- Exercise goal
From the records below, please repeat exactly the line that has "서울 선거구별 투표율 | 인스티즈", the line that has "Data dependencies (slightly", and every line between them, and nothing else.

- Source material
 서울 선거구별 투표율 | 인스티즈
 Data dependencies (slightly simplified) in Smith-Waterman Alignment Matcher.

==

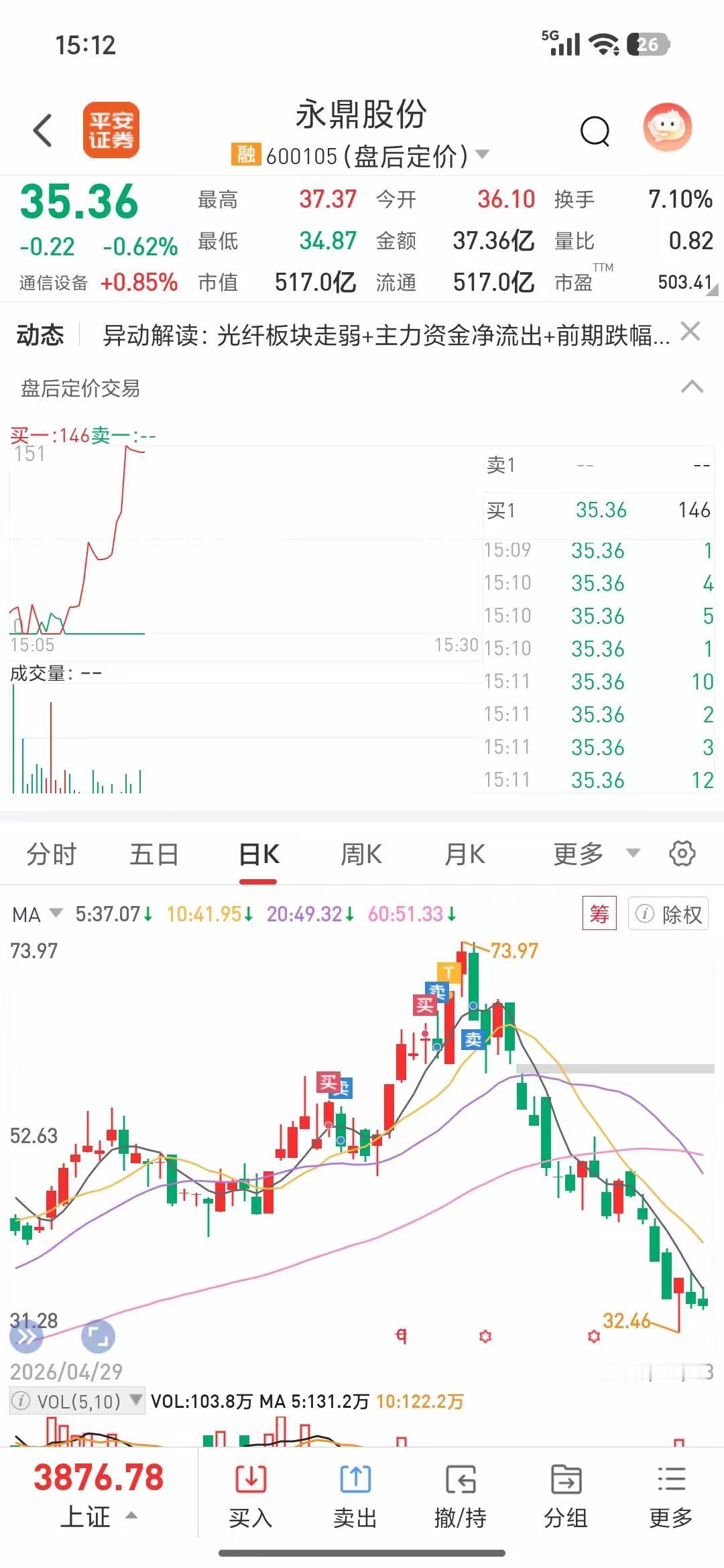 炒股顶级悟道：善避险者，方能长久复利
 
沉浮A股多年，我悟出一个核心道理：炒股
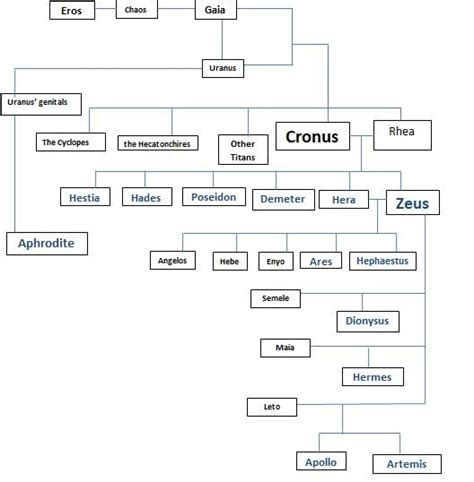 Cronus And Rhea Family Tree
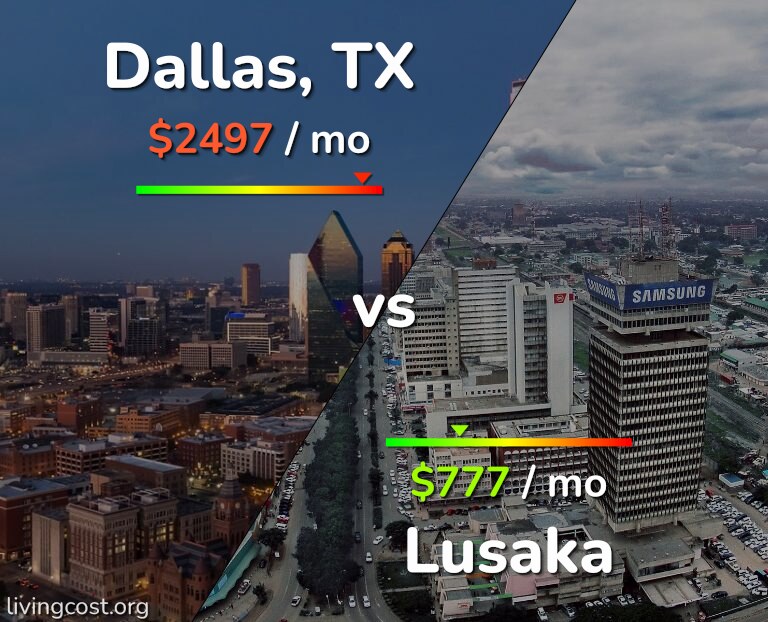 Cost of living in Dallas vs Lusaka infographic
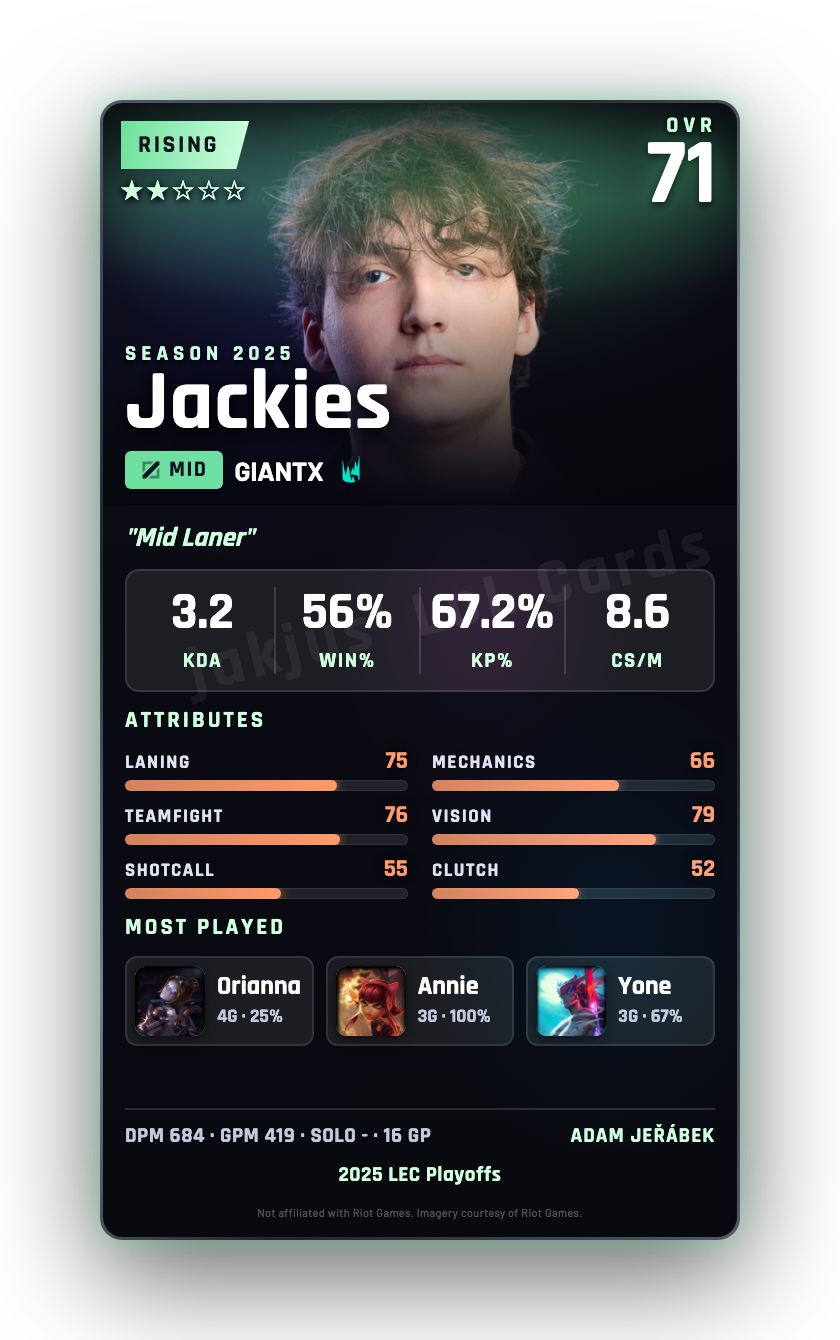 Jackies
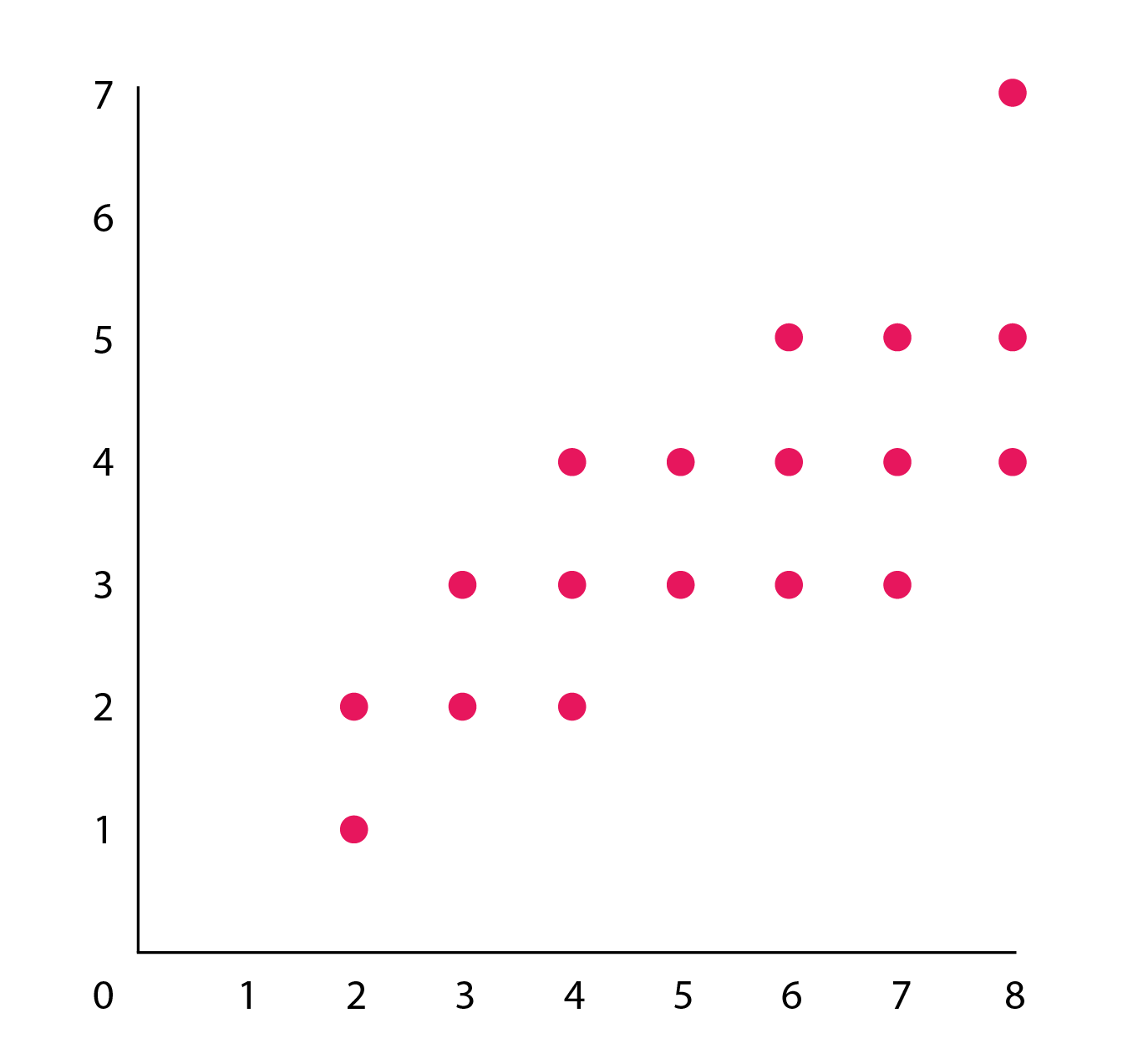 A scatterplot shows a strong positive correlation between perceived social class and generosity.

- Completed task
 서울 선거구별 투표율 | 인스티즈
 Data dependencies (slightly simplified) in Smith-Waterman Alignment Matcher.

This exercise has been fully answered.